§ WORK TASK
Take the entries that follow and return only the lines from the one with "Storex Letter Size" through the final line, leaving every picture behind.

(INPUT MATERIAL)

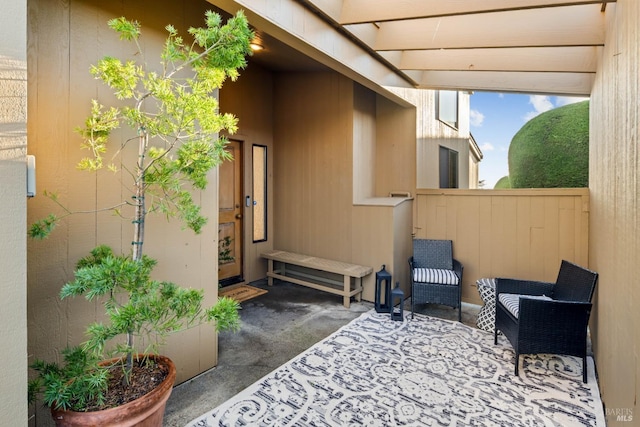 exterior space featuring a pergola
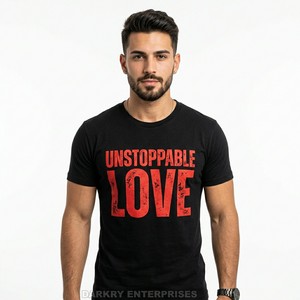 T-shirt homme noir personnalisé avec logo, motif cœur géométrique, impression métallique, coton, vêtements pour hommes, neuf - Product Image 4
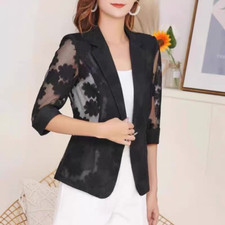 Donna Traforato Pizzo Giacca Maglia Floreale Top Ufficio Lavoro Moda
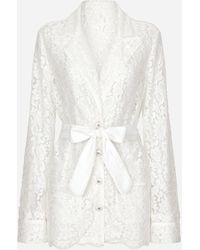 Dolce & Gabbana - Floral Cordonetto Lace Pajama Shirt - Lyst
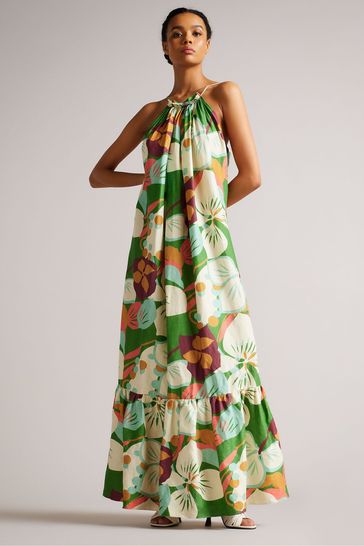 Ted Baker Green Dulina Strappy Linen Maxi Dress With Pleat Detail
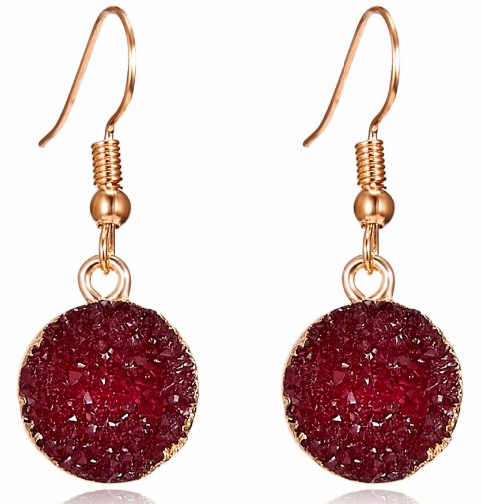 Wine Color Druzy Earring with Golden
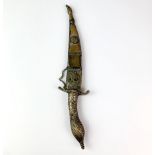 A white metal mounted Eastern dagger, L. 33cm.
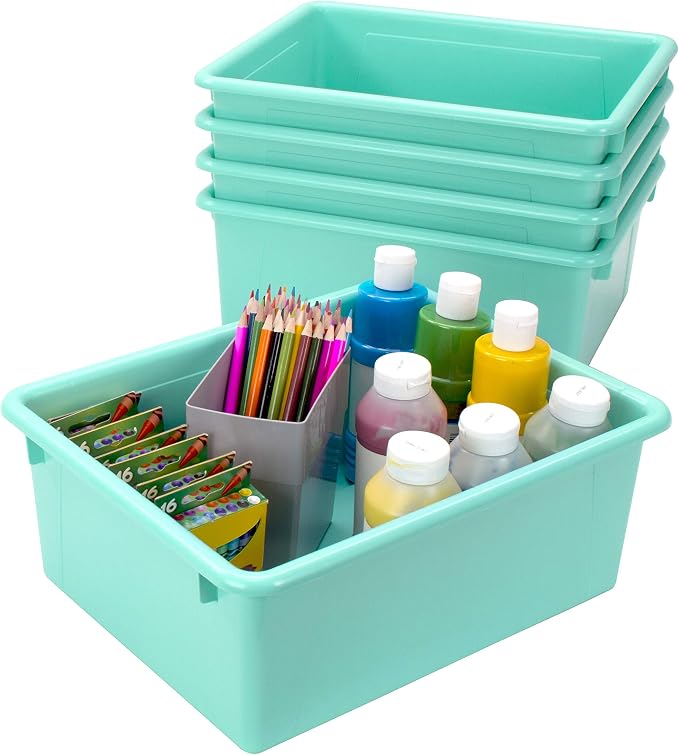 Storex Letter Size Deep Storage Tray – Organizer Bin for Classroom, Office and Home, Teal, 5-Pack (62529U05C) by Storex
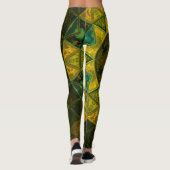Mosaic Kaleidoscope Flower Yellow and Green Leggings (Achterkant)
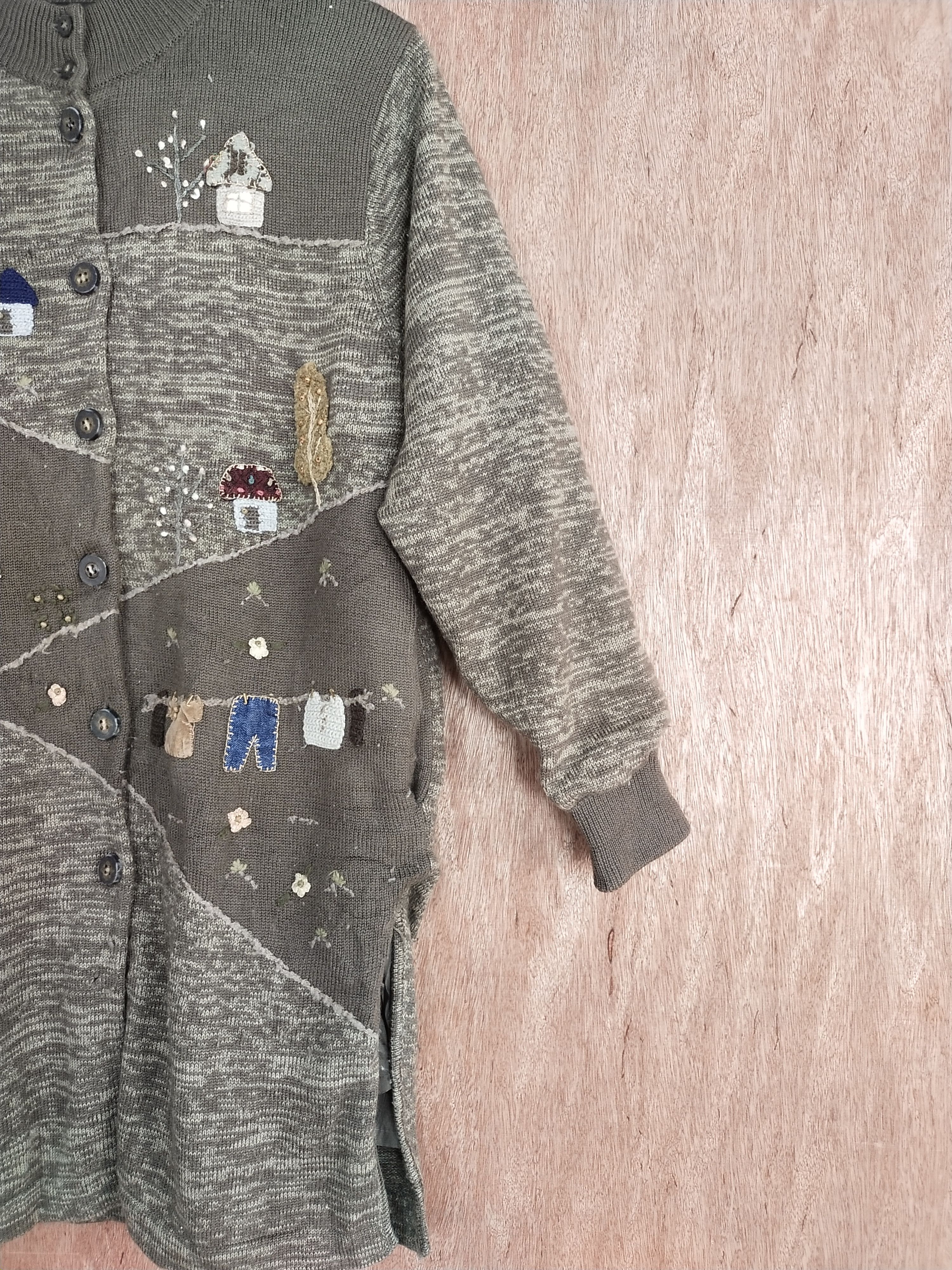 Japanese Brand × Vintage Creor brown knitwear art vintage cardigan #S165 Size US M / EU 48-50 / 2 - 4 Thumbnail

(End INPUT MATERIAL)

§ YOUR RESPONSE
 Storex Letter Size Deep Storage Tray – Organizer Bin for Classroom, Office and Home, Teal, 5-Pack (62529U05C) by Storex
Mosaic Kaleidoscope Flower Yellow and Green Leggings (Achterkant)
 Japanese Brand × Vintage Creor brown knitwear art vintage cardigan #S165 Size US M / EU 48-50 / 2 - 4 Thumbnail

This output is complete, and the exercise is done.